*Task brief*
Please return the data word for word and leave out any picture it contains.

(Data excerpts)
»»
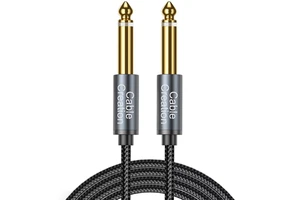 CableCreation Nylon Braid 6.35mm TS Straight Male 1/4 Instrument Electric Guitar Professional Audio Radio Cable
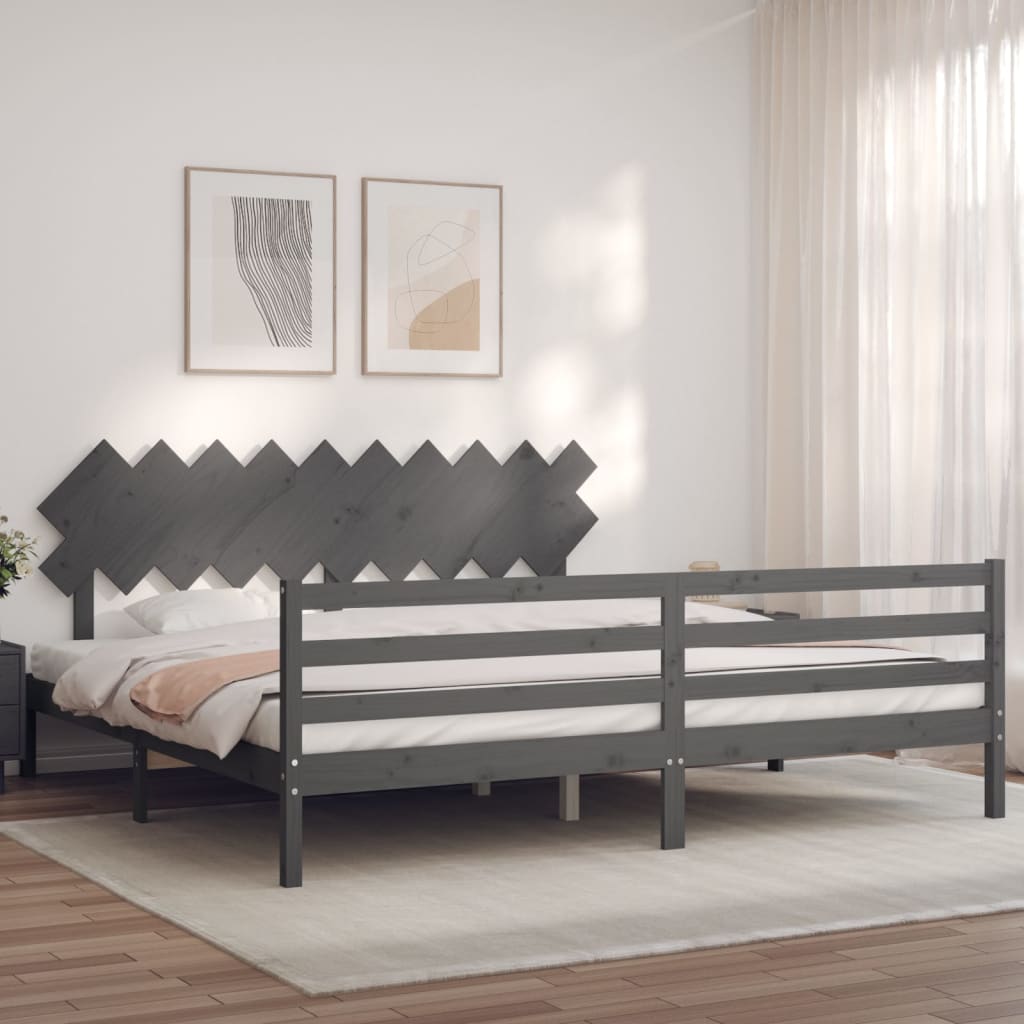 Łóżko Drewniane Szare Rama Łóżka Ze Stelażem Drewniana Łóżko Do Sypialni Pokoju 200x200 cm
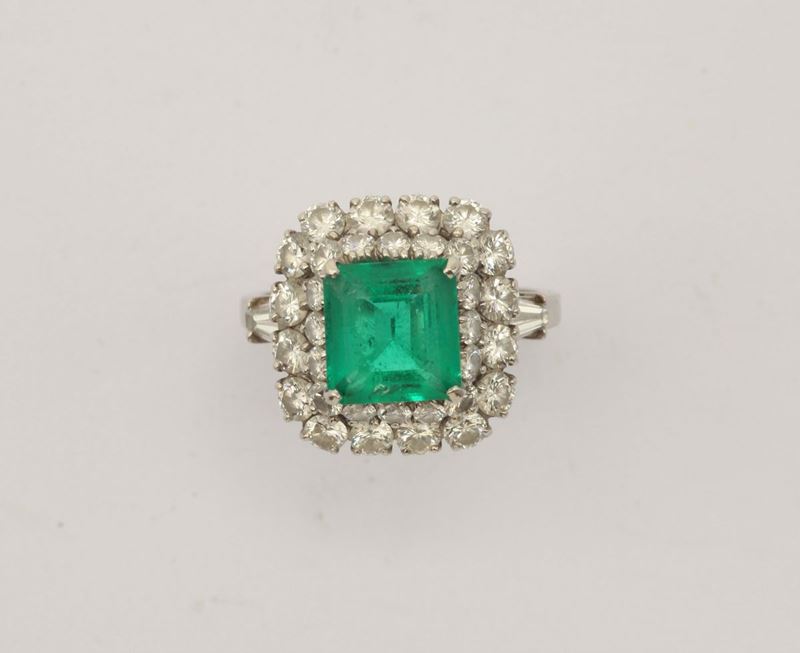 Bulgari, an emerald and diamond ring. Report IGL  - Auction Fine Jewels - I - Cambi Casa d'Aste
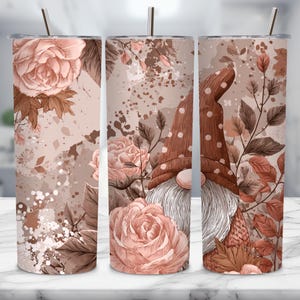 Gnome Tumbler Wrap, Floral Tumbler, Sublimation Design, Tumbler Wrap PNG, 20oz Skinny Tumbler, Digital Download, Best Selling Tumbler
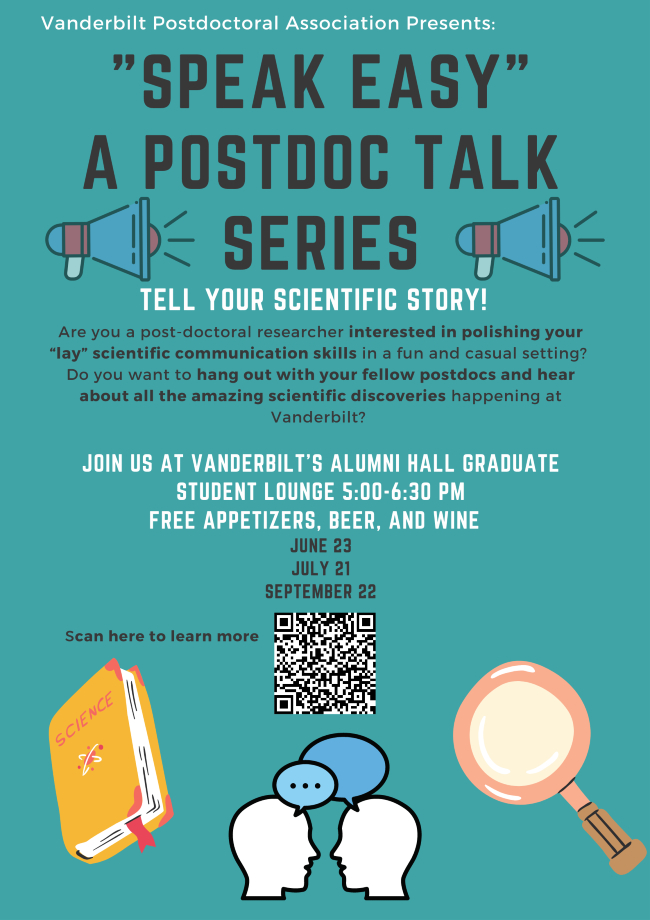 Speak Easy: A Postdoc Talk Series flyer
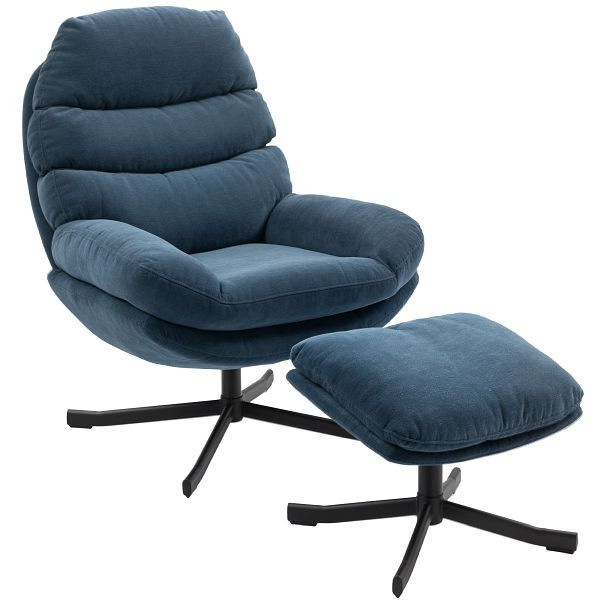 HOMCOM Relaxsessel mit Hocker Sessel Loungesessel mit Chenille-Stoff, Modern Fernsehsessel, 78 x 93 x 100 cm, Blau, 83B-547V00BU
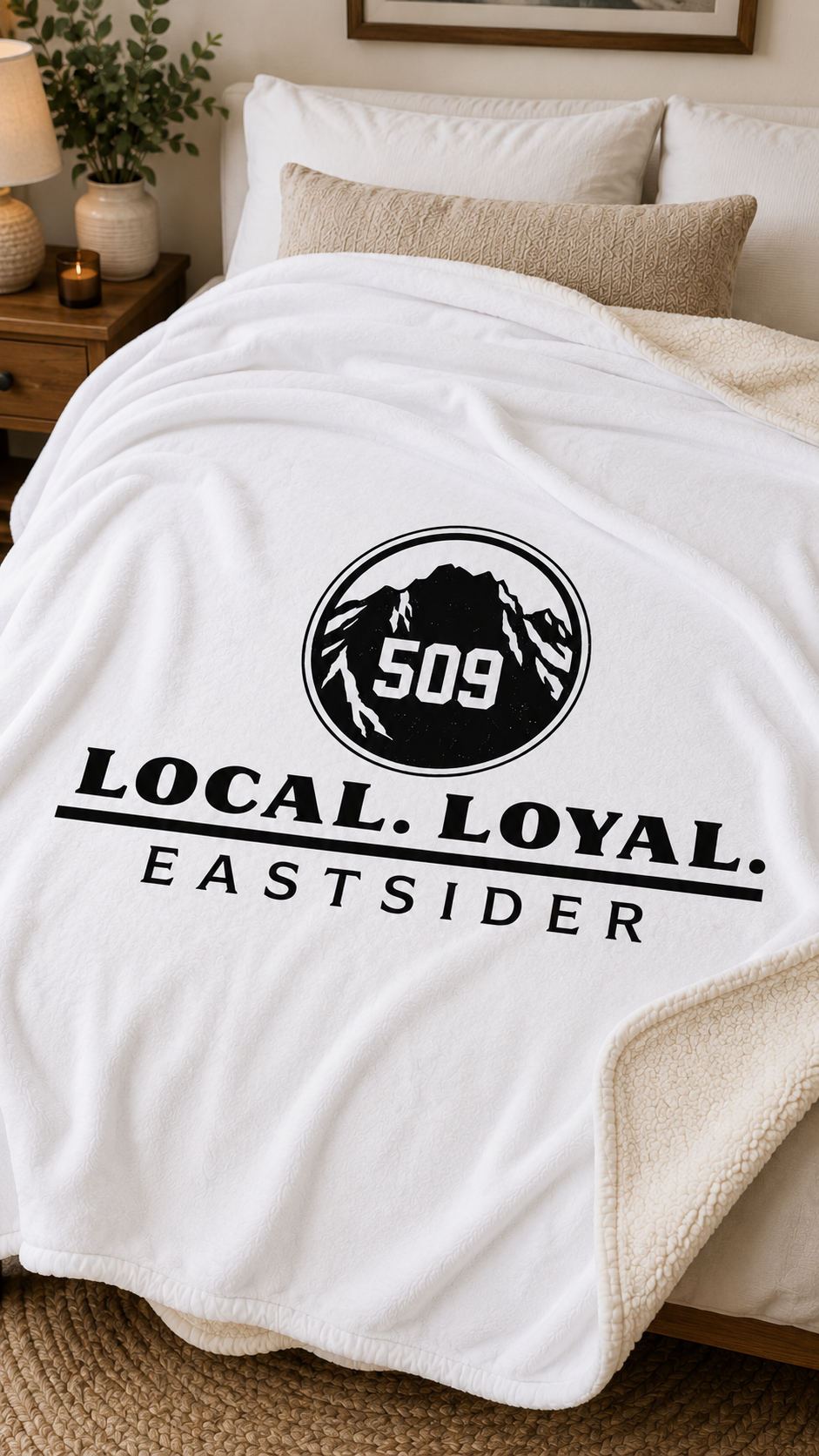 Local Loyal Eastsider Sherpa Blanket | 509 Throw Blanket | Central Washington Gift | Cozy Fleece Blanket | Housewarming Gift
««
*Exercise output*
 CableCreation Nylon Braid 6.35mm TS Straight Male 1/4 Instrument Electric Guitar Professional Audio Radio Cable
 Łóżko Drewniane Szare Rama Łóżka Ze Stelażem Drewniana Łóżko Do Sypialni Pokoju 200x200 cm
 Bulgari, an emerald and diamond ring. Report IGL  - Auction Fine Jewels - I - Cambi Casa d'Aste
 Gnome Tumbler Wrap, Floral Tumbler, Sublimation Design, Tumbler Wrap PNG, 20oz Skinny Tumbler, Digital Download, Best Selling Tumbler
 Speak Easy: A Postdoc Talk Series flyer
 HOMCOM Relaxsessel mit Hocker Sessel Loungesessel mit Chenille-Stoff, Modern Fernsehsessel, 78 x 93 x 100 cm, Blau, 83B-547V00BU
 Local Loyal Eastsider Sherpa Blanket | 509 Throw Blanket | Central Washington Gift | Cozy Fleece Blanket | Housewarming Gift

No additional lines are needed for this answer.